• _What is expected_: Starting at the line that contains "Miniatura del documento", return every line down to the end of the records below, exactly as written.

*** Opening Records to use ***

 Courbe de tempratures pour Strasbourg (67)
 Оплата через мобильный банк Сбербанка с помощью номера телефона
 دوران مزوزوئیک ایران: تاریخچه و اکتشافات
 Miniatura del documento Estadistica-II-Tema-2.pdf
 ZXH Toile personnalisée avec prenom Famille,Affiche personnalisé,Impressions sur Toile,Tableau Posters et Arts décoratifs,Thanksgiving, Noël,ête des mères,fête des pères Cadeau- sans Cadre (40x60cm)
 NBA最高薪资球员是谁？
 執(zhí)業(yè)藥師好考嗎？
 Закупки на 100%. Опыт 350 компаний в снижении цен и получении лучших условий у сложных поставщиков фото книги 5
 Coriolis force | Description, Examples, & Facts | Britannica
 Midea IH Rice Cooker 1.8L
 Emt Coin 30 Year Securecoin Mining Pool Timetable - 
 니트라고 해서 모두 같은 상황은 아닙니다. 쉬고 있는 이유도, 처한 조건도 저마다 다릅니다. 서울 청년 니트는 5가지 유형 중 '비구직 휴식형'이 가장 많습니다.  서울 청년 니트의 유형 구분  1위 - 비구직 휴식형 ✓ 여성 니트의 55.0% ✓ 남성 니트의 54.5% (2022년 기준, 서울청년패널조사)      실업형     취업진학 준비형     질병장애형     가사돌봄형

*** Closing Records to use ***

• _Result of the exercise_:
 Miniatura del documento Estadistica-II-Tema-2.pdf
 ZXH Toile personnalisée avec prenom Famille,Affiche personnalisé,Impressions sur Toile,Tableau Posters et Arts décoratifs,Thanksgiving, Noël,ête des mères,fête des pères Cadeau- sans Cadre (40x60cm)
 NBA最高薪资球员是谁？
 執(zhí)業(yè)藥師好考嗎？
 Закупки на 100%. Опыт 350 компаний в снижении цен и получении лучших условий у сложных поставщиков фото книги 5
 Coriolis force | Description, Examples, & Facts | Britannica
 Midea IH Rice Cooker 1.8L
 Emt Coin 30 Year Securecoin Mining Pool Timetable - 
 니트라고 해서 모두 같은 상황은 아닙니다. 쉬고 있는 이유도, 처한 조건도 저마다 다릅니다. 서울 청년 니트는 5가지 유형 중 '비구직 휴식형'이 가장 많습니다.  서울 청년 니트의 유형 구분  1위 - 비구직 휴식형 ✓ 여성 니트의 55.0% ✓ 남성 니트의 54.5% (2022년 기준, 서울청년패널조사)      실업형     취업진학 준비형     질병장애형     가사돌봄형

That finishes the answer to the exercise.